What defines healthy self-esteem for a child?
When self-esteem gets out of balance, whether it’s too low or too high, kids focus excessively on themselves. They worry about having to maintain their inflated self-views in the face of criticism, or they dwell on every single mistake. In both cases, they ruminate about themselves. When kids focus on helping others, they become less self-absorbed.
Adults can help children maintain healthy self-esteem by praising efforts, not results. Healthy children learn that they are important, but so are other things. This understanding may be aided by exposing children to spirituality, morality, environmental concerns, or social causes. Helping children see that they’re part of a bigger universe adds meaning to their lives and keeps their self-esteem at a healthy level.
Low self-esteem is bad for kids. Children who view themselves poorly tend to achieve somewhat less in school. They’re more prone to depression and anxiety. They’re rejected by their peers more often than their classmates with healthy self-esteem. They feel inadequate, and that sense of inadequacy is too often reinforced by others who give them negative feedback. They’re unable to respond to the varying demands of the world in a flexible manner. They focus on and magnify their weaknesses and negative traits while being unable to accept that they also have strengths. You can help kids avoid low self-esteem by paying appropriate attention to them. In addition, it’s good to give them tasks that are challenging yet within their reach. When they fail, it’s important not to criticize harshly, but to praise their efforts as well as provide corrective feedback. Finally, it helps if their caregivers also have healthy self-esteem.
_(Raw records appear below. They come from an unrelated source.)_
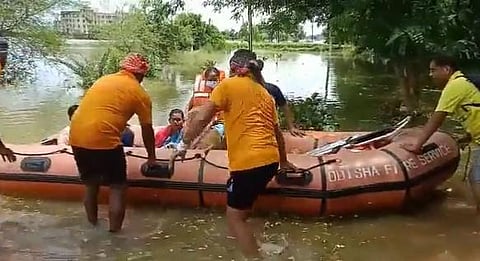 Odisha Fire Service personnel rescue a woman and her seven-day-old infant from flood waters on outskirts of Bhubaneswar. (Photo | Twitter/@mehta_asish)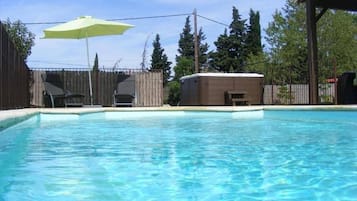 Ein klares Schwimmbecken mit Holzterrasse, ein überdachter Whirlpool und ein eingezäunter Bereich mit Sitzgelegenheiten.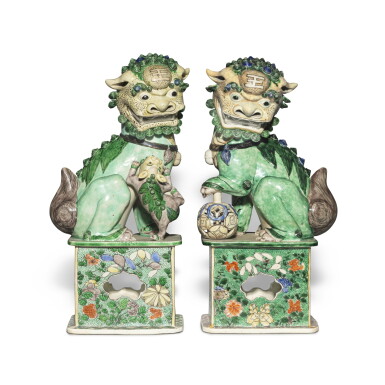 View full screen - View 1 of Lot 600. A large pair of famille-verte biscuit Buddhist lions, Qing dynasty, Kangxi period | 清康熙 素三彩佛獅一對.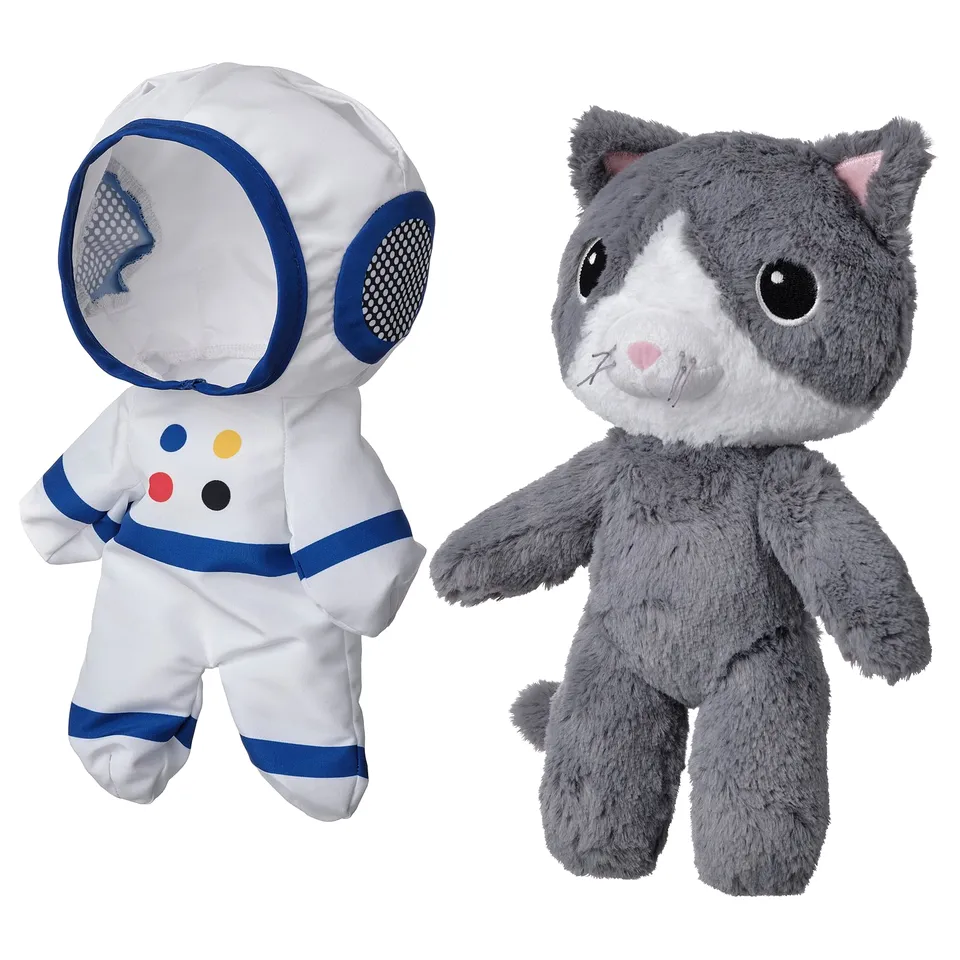 Two stuffed toys: astronaut cat in white & blue, soft grey cat.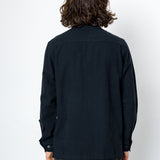 Person wearing a black shirt and dark pants against a white background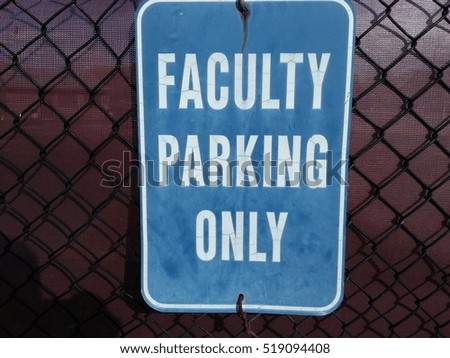 a blue and while faculty parking only sign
My 5 FREE THE WRITER takeaways are:
Many factors can influence the development of a child; it is important to represent a variety of experiences in writing.
Children learn using modeling and observational learning, and part of this process is learning from fictional characters. This area is a writer’s responsibility.
Write stories that help build a child’s trust, independence, ability to form healthy relationships, and confidence.
Use the developmental benchmarks to connect with what children are interested in.
Intelligence consists of many abilities (not just school smarts), and all of them should be represented in books.
How do you think these concepts of psychology and child development can help you as a writer? Share your ideas in the comments below.
To free the writer today, imagine your reader. Imagine what they are interested in, what goals they have, what concepts they want to learn, what experiences they have. Try to think of an idea for a new story that represents an individual’s unique experience. Get as narrow as you can. I’m sure you’ll find something amazing.